Activity
This exercise calls for copying every line below that holds the word "style".
Segment Start: Information supplied
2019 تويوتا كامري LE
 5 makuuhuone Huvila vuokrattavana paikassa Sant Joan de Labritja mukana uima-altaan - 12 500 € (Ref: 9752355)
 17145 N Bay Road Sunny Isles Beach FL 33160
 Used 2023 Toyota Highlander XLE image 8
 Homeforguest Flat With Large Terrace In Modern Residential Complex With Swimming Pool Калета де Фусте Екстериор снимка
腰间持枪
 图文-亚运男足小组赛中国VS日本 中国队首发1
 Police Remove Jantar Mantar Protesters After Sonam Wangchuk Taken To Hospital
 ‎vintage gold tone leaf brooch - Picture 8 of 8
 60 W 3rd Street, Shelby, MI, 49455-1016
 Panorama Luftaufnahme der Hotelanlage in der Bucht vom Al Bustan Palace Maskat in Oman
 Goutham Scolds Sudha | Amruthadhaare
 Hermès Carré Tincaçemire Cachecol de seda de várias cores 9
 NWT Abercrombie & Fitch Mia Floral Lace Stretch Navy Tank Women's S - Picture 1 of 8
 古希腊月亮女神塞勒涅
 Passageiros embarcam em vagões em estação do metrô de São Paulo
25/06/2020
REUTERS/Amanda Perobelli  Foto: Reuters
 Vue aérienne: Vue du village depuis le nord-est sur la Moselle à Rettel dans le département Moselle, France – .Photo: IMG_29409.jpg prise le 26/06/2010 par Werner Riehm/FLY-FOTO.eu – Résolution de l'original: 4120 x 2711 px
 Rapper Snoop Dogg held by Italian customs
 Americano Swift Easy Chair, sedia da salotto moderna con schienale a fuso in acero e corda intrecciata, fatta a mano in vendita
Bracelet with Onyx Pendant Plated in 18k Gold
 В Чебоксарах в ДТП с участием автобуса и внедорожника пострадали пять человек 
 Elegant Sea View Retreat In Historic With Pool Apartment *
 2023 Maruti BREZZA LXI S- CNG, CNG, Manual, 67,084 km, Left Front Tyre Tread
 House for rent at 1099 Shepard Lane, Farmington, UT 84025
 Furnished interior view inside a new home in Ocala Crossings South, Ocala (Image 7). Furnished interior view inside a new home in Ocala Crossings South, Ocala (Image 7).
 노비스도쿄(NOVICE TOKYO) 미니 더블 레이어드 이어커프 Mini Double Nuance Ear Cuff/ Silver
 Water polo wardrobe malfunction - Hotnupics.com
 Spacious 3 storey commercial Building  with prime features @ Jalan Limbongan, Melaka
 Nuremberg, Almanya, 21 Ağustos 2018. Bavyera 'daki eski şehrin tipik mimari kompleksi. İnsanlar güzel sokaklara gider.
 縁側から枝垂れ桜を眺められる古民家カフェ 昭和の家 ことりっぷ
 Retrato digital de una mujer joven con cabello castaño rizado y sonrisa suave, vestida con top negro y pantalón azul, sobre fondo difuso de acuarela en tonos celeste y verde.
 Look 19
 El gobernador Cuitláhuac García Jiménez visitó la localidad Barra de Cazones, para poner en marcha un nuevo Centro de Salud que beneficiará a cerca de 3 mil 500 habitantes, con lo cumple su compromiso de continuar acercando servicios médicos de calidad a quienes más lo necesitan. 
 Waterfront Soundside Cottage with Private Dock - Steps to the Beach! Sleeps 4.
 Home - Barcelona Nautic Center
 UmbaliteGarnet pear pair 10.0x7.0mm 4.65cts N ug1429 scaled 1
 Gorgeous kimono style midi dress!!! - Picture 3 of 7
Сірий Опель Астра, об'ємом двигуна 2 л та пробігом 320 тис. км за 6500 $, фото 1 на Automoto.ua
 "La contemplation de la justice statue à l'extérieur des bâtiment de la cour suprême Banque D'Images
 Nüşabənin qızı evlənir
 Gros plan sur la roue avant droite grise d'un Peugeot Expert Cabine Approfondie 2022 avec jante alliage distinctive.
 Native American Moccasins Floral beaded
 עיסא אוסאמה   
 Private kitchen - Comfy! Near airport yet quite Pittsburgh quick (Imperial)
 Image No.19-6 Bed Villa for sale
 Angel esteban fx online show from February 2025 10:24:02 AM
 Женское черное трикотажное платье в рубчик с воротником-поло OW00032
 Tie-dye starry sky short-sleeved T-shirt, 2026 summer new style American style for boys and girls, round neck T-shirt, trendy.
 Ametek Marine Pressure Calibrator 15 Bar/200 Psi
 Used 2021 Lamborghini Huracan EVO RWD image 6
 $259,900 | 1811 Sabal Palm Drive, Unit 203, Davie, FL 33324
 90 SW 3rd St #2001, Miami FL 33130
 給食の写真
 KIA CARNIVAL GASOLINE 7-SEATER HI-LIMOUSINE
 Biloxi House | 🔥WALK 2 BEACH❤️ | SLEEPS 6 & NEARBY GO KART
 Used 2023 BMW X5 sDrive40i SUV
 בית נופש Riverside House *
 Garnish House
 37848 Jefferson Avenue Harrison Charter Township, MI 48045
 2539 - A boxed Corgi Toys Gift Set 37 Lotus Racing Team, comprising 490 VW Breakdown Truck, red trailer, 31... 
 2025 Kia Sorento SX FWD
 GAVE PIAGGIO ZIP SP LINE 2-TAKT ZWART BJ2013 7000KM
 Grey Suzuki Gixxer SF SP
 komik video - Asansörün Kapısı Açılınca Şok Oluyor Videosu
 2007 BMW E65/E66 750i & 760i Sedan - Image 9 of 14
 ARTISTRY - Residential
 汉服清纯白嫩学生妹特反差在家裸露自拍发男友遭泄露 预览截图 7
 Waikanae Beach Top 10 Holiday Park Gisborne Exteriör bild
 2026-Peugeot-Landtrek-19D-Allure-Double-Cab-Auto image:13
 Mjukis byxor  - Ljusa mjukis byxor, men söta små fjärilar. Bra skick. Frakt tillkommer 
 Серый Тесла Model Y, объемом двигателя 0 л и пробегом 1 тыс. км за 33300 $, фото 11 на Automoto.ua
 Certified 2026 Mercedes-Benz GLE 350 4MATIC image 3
Segment End: Information supplied
Response below
 Gorgeous kimono style midi dress!!! - Picture 3 of 7
 Tie-dye starry sky short-sleeved T-shirt, 2026 summer new style American style for boys and girls, round neck T-shirt, trendy.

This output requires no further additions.